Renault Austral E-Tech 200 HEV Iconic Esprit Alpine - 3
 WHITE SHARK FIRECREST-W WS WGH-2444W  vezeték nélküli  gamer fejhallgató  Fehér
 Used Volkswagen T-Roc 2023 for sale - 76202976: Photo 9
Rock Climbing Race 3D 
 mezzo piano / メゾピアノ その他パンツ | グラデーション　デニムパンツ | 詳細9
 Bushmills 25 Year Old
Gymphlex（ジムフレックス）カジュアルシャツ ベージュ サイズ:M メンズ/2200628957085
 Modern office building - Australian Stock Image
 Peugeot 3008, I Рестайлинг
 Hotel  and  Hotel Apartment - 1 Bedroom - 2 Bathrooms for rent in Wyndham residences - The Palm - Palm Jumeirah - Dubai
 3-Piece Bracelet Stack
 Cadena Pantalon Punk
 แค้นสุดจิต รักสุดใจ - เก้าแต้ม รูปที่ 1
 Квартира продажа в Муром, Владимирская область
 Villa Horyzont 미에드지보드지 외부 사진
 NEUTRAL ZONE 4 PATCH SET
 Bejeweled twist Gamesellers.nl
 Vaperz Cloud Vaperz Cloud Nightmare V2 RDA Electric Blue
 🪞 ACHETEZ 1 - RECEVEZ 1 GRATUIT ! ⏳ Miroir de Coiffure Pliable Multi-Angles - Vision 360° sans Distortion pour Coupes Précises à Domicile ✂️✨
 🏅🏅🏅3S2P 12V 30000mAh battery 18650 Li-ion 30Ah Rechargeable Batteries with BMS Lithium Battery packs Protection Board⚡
-------------------------
WORK ORDER
Taking the entries above, write out exactly each line from the one holding "Used Volkswagen T-Roc" to the one holding "Modern office building", both included, and stop there.

ANSWER SPACE
 Used Volkswagen T-Roc 2023 for sale - 76202976: Photo 9
Rock Climbing Race 3D 
 mezzo piano / メゾピアノ その他パンツ | グラデーション　デニムパンツ | 詳細9
 Bushmills 25 Year Old
Gymphlex（ジムフレックス）カジュアルシャツ ベージュ サイズ:M メンズ/2200628957085
 Modern office building - Australian Stock Image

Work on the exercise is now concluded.